WHAT IS BEING ASKED –
What you return should be the entries, unchanged, without their pictures.

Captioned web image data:
╭──

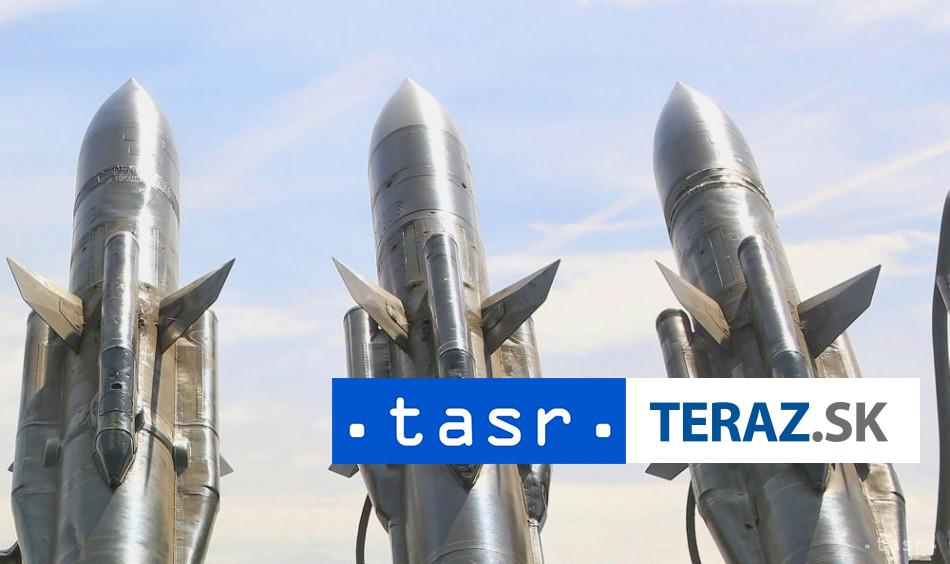 Vojenske velitelstvo v Buseshri zasiahla raketa hlasia media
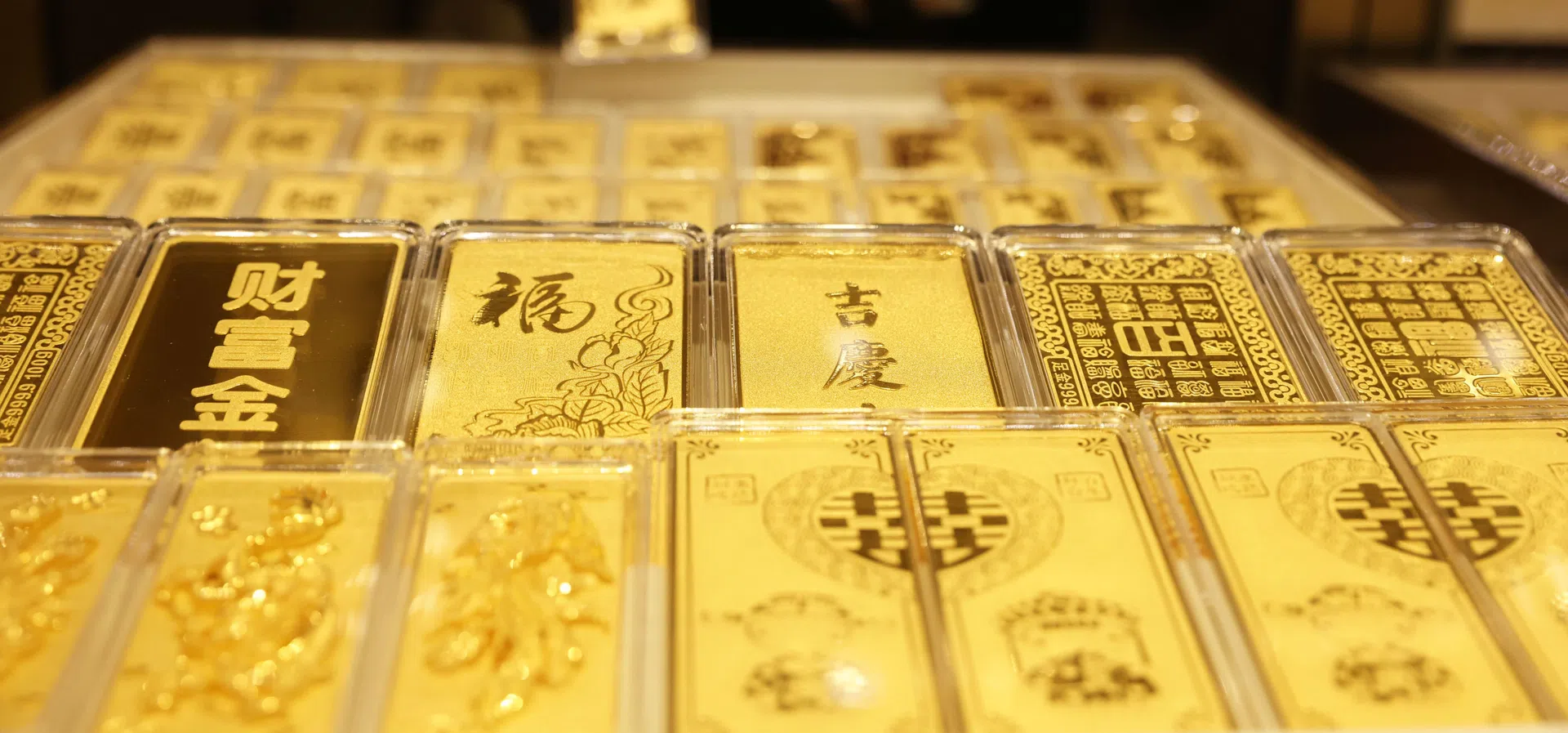 Златото удари пореден рекорд, докато Белият дом връща пазарите в режим „risk-off“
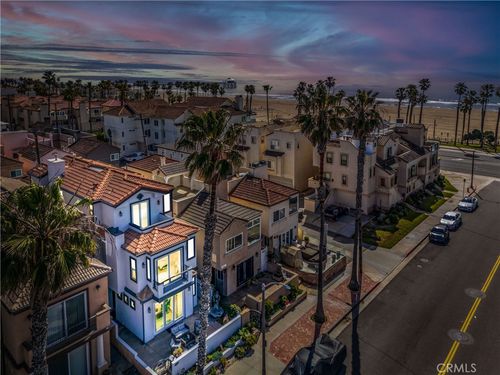 116 11th St, Huntington Beach, CA, 92648-4806 | Card Image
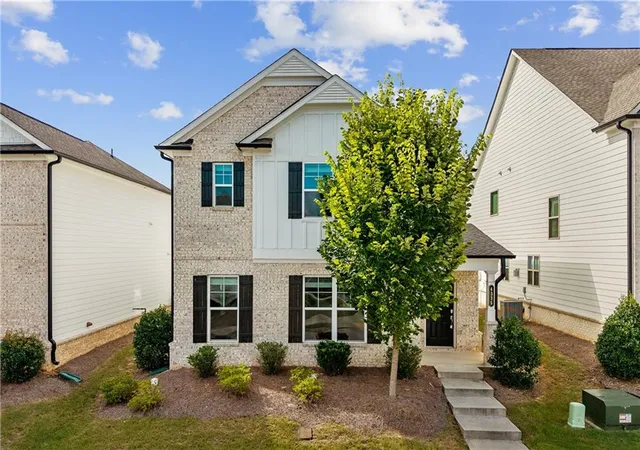 1st image of 4335 Magpie Dr, Hoschton, GA 30548 | MLS# 7816329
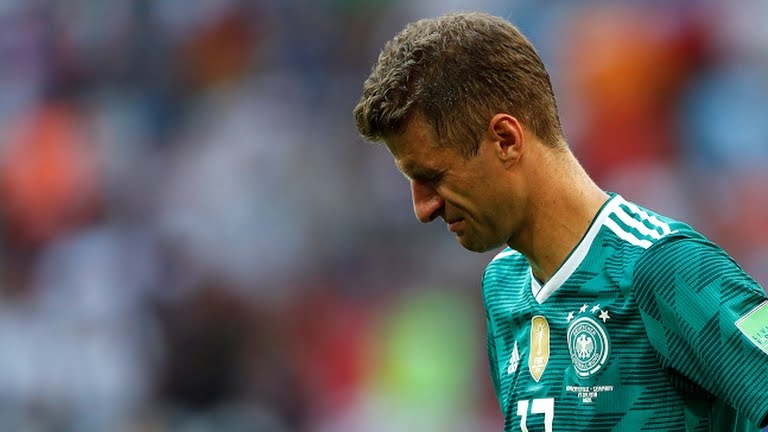 
Nỗi buồn của các cầu thủ Die Mannschaft sau trận thua sốc.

╰──

EXERCISE ANSWER –
 Vojenske velitelstvo v Buseshri zasiahla raketa hlasia media
 Златото удари пореден рекорд, докато Белият дом връща пазарите в режим „risk-off“
 116 11th St, Huntington Beach, CA, 92648-4806 | Card Image
 1st image of 4335 Magpie Dr, Hoschton, GA 30548 | MLS# 7816329
Nỗi buồn của các cầu thủ Die Mannschaft sau trận thua sốc.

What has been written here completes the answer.